TTP Investigation: Facebook is allowing sales of wildlife linked to coronavirus

By May 10, 2020Uncategorized
Campaign for Accountability | May 6, 2020

Read the report here.

WASHINGTON, D.C.: Today, Campaign for Accountability (CfA), a nonprofit watchdog group that runs the Tech Transparency Project (TTP), released a new report revealing that pangolins, one of the world’s most trafficked mammals, are being openly sold on Facebook. Recently, pangolins have emerged as a possible conduit in the transmission of Covid-19 to humans, making the trade even more alarming. Despite Facebook’s policy banning the sale of endangered and other animals or their parts, the TTP investigation found pangolin trafficking is taking place in plain sight on the platform.

Original photo as published by Campaign for Accountability.

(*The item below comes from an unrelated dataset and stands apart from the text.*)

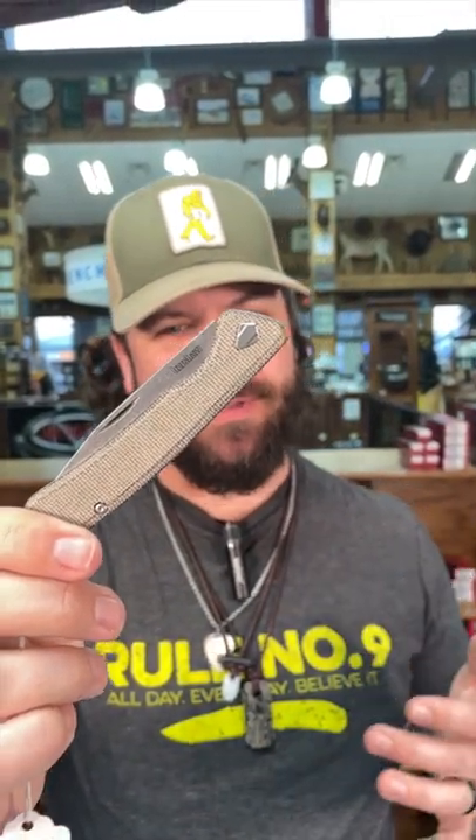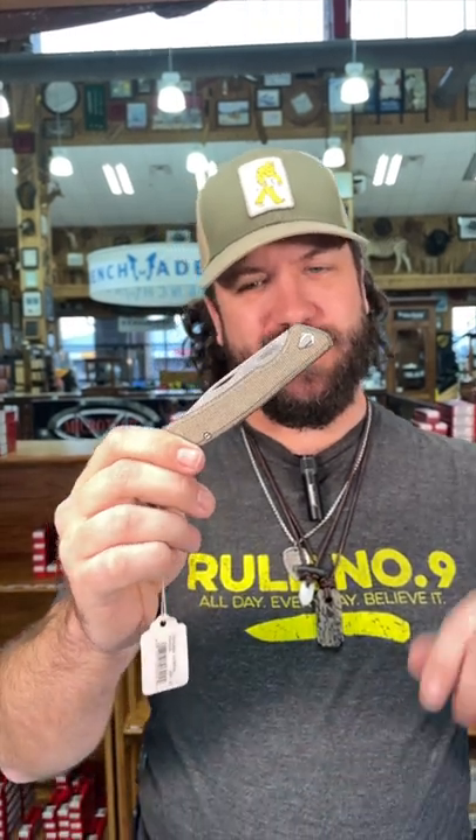What is happening everybody? We are back at the Daily Grind. Today we've got something really cool for you — a brand new traditional from Kershaw. Now we're always talking about having modern traditional knives, and this one absolutely fits the bill right there.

Scaly, ant-eating pangolins are at risk of extinction—and being studied as a potential coronavirus host. But the animals are still available for sale on Facebook.

CfA Executive Director Daniel E. Stevens said, “Poachers and their dealers should not be able to openly sell illegally trafficked pangolins on Facebook and its platforms. Facebook claims that it prohibits the sale of endangered or threatened animals on its platforms, but pangolins are easily available for anyone who searches for the animal. This is yet another example of Facebook failing to enforce its own rules across its platform.”

TTP identified a number of Facebook pages that offer pangolins, including one entitled “Pangolin Scales for Sale in Vietnam” and another called “Rhino Horns And Pangolin scales For sale In China.” Vietnam and China are two of the biggest markets for pangolin products. Pangolin scales are coveted for traditional Chinese medicine, and its meat is consumed in China and Vietnam as well as in parts of Africa. Pangolin skin is also made into leather. Facebook took down at least one of the pages after a reporter from BuzzFeed, who had been given access to the findings by TTP, asked Facebook for comment.

Facebook has repeatedly failed to stem wildlife trafficking. For example, wildlife advocates have previously accused Facebook of serving advertisements on pages that sell the body parts of threatened animals, including elephant ivory, rhino horns, and tiger teeth.

Notably, in March 2018, Facebook joined the Coalition to End Wildlife Trafficking Online, which established a goal of reducing wildlife trafficking on tech platforms by 80 percent by 2020. Tech companies that joined the coalition agreed to implement user awareness tools on their platforms. TTP, however, did not encounter any of these measures during its review of these pages.

Mr. Stevens continued, “Facebook has publicly committed to stopping the trafficking of endangered animals, yet it has completely failed to abide by its commitment. At a time when the pangolin is being studied as a potential intermediate coronavirus host, Facebook is failing to police its platform for the buying and selling of this vulnerable animal. Facebook’s broken promises are continuing to haunt the well-being of the world.”

Campaign for Accountability is a nonpartisan, nonprofit watchdog organization that uses research, litigation, and aggressive communications to expose misconduct and malfeasance in public life and hold those who act at the expense of the public good accountable for their actions.